Yahoo! Pipes is something I gave a look to back when it was released to the wild. Like many others I assume, I gave up meddling when whatever it was I was angling to do required stupendously long regex statements. However Matt 2.0 recently came fighting back and produced this RSS pipe for the webpage of a curiously interesting macro economics commentator from India. Admittedly the regex component still took up most of my time but I really don’t see how that can change, other than to pray for nice consistent, tabular web pages. Some hope.
Anyways, here is the Pipe ‘source':
4 parts to the above:
- Fetch the page, indicating start & end points and delimiter for items.

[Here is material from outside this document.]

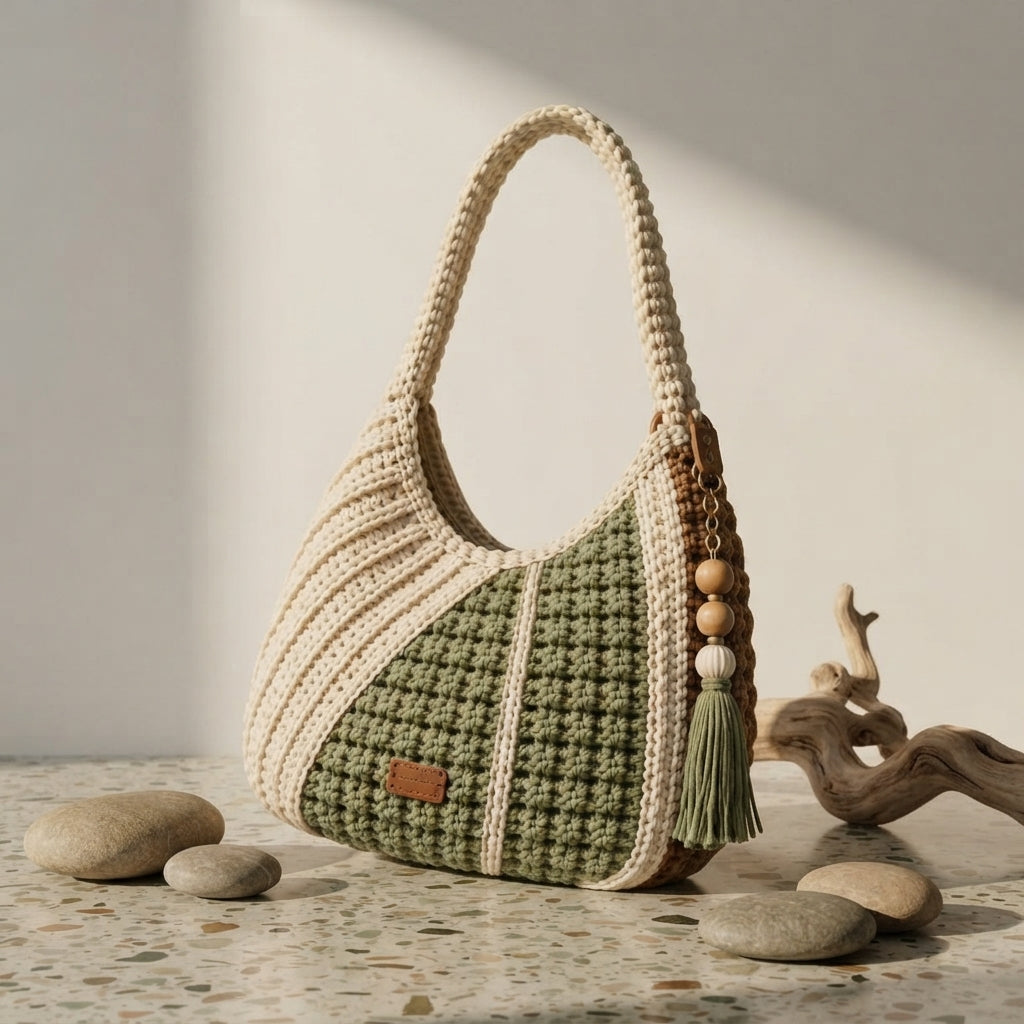 Shoulder Bag Boho Tote V6 | Crochet Pattern PDF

- Further chopping up of the results; data cleansing if you like.
- RSS-ify items, i.e. specify title, link & description.
- Pattern match the appropriate content into each field.
Was also going to point out how this can eleviate one of the big failings of the RSS protocol in my book, the inability to filter based on categories, but it seems there’s a recent blog (top google news result for ‘yahoo pipes’) which hits on the same point, and a few links to backgrounders & alternative methods too.
I’ve used dedicated web-scraper-cum-rss-generators in the past, which also include a version of pattern matching to structure data, but let’s be honest, as complex and seemingly unreasonable as regex is, it’s ability to interrogate even the most convoluted pages found on the web cannot be denied. And Pipes being a general platform to twist things (not just static page content) together, hopefully I’ll find greater uses for it in future.